I did not have anything planned for dinner tonight, so when we finally got hungry, I went scavanging in the kitchen with the hopes of not having to go to the grocery store.
I found half a pound of bacon, six potatoes, a scrawny end of celery, a couple of onions, a bunch of green onions, some sour cream and some cheese. HMMMMM. Yes, that should be enough to make potato soup.
I need to write the instructions down on a paper for the kitchen because the Dearest said he wants more of this, but for now, this is how I did it:
1. Chop the bacon and fry it in the stew pot. When it gets crispy, add a little water and reduce twice, then drain fat. Add 1 finely chopped onion. When the onions become translucent, add finely chopped celery. Scrape fond so it doesn’t burn and as soon as the onions carmelize, remove bacon, onions, and celery from pan and set aside.

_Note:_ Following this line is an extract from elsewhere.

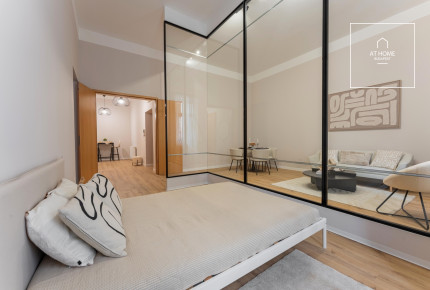 Bright 2-Bedroom Apartment in Budapest City Center, Near Gozsdu Courtyard
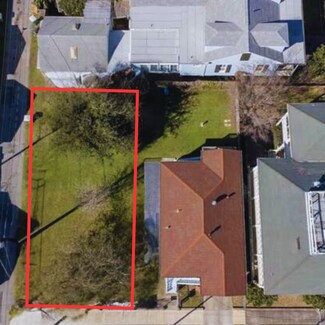 705 12th St, Galveston, TX 77550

2. In the same pot, boil the diced potatoes in just enough water to cover. Add a little beef bouillon, a sprinkle of Mrs. Dash, a little dried onion, and a shake or two of salt and pepper. Maybe some parsley if you have it.
3. While the potatoes are boiling, prepare the cream sauce—equal parts 2% milk and sour cream. Stir well. Warm in microwave to room temp (about 30 seconds on defrost). Stir again.

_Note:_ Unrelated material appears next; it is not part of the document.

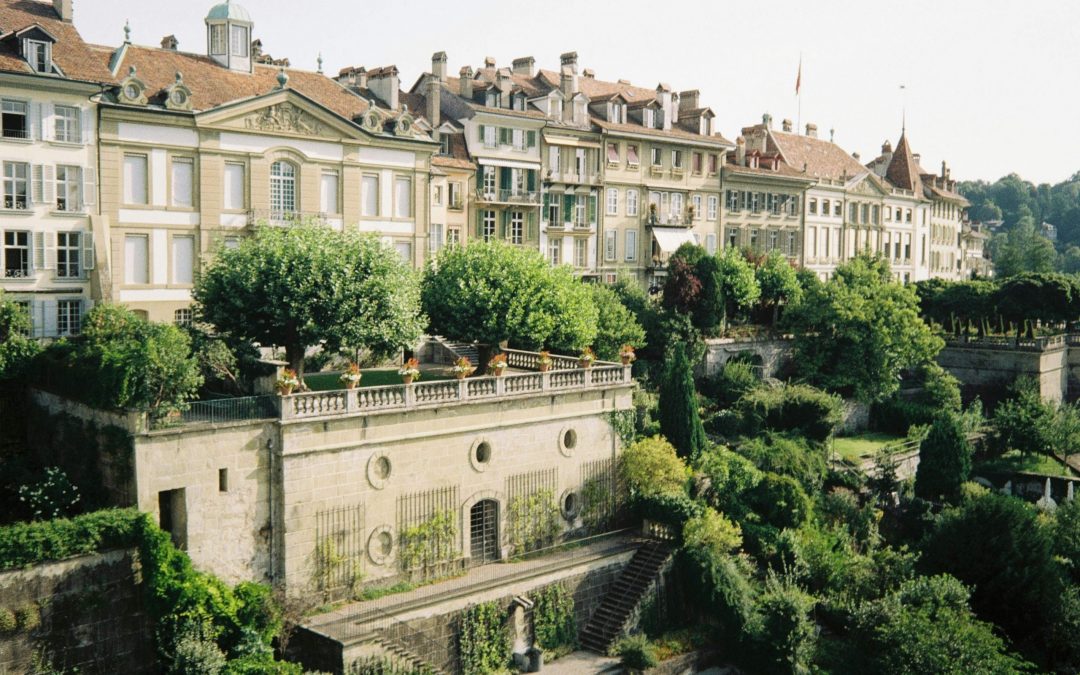 Visiter Nîmes: activités incontournables et conseils pratiques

4. When potatoes are soft, mash them around a bit with whatever utensil was used to stir them. Then add the milk mixture a little at a time. You may not use it all, so pay attention to what it looks and tastes like. Stir a lot.
5. Once the soup is creamy, stir in the bacon, onion and celery and add the finely chopped green onions.
Servings and serving sizes will depend on how much is made. The amounts above made enough for 3 bowls.
Serve with or without toppings. It doesn’t need any, but you can top with sour cream, bacon bits, green onions, and/or a nice rich grated cheddar cheese, like Tillamook.
This is just as good as Black Angus’s Baked Potato Soup.
Don’t believe it? Try it for yourself. Free Recipe!